Heathrow will be the first airport in the world to manage arriving flights by time separation instead of distance.
Air traffic control firm Nats says the procedure will radically cut delays and reduce cancellations due to high winds. It will be introduced from spring 2015. Traditionally, flights are separated by set distances dependent on the type of aircraft and the size of the spiralling turbulence – or wake vortex – they create as they fly.
Heathrow has been operating at 98 per cent of its runway capacity for a decade. Normally a flight takes off or lands every 45 seconds.
In strong headwinds, aircraft fly more slowly over the ground, so maintaining a set separation distance in those conditions reduces the landing rate and can have a significant knock-on effect on airport capacity, causing delays and cancellations.

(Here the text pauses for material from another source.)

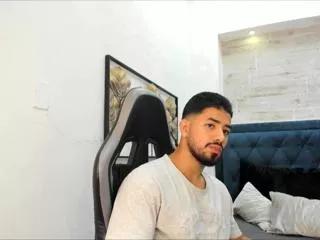 ezzio_scolaro on Flirt4Free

The introduction of a time-based separation method will help maintain the landing rate and save more than 1,300 hours of delay every year – halving the current delay figure while reducing the need for airlines to cancel flights due to the effects of strong headwinds.
Martin Rolfe, Nats managing director operations, said: “The introduction of time-based separation at Heathrow will be a world first and deliver major benefits for our customers – both Heathrow Airport and the airlines.”
Supported in the Airports Commission’s interim report in December 2013, the delivery of time-based separation comes after three years of exhaustive analysis. Nats studied over 100,000 flights using state-of-the-art equipment to accurately measure the behaviour of aircraft wake vortices in strong headwinds.
The results show that they dissipate more quickly in windy conditions, therefore allowing aircraft to be closer together on final approach while maintaining safety as the main priority.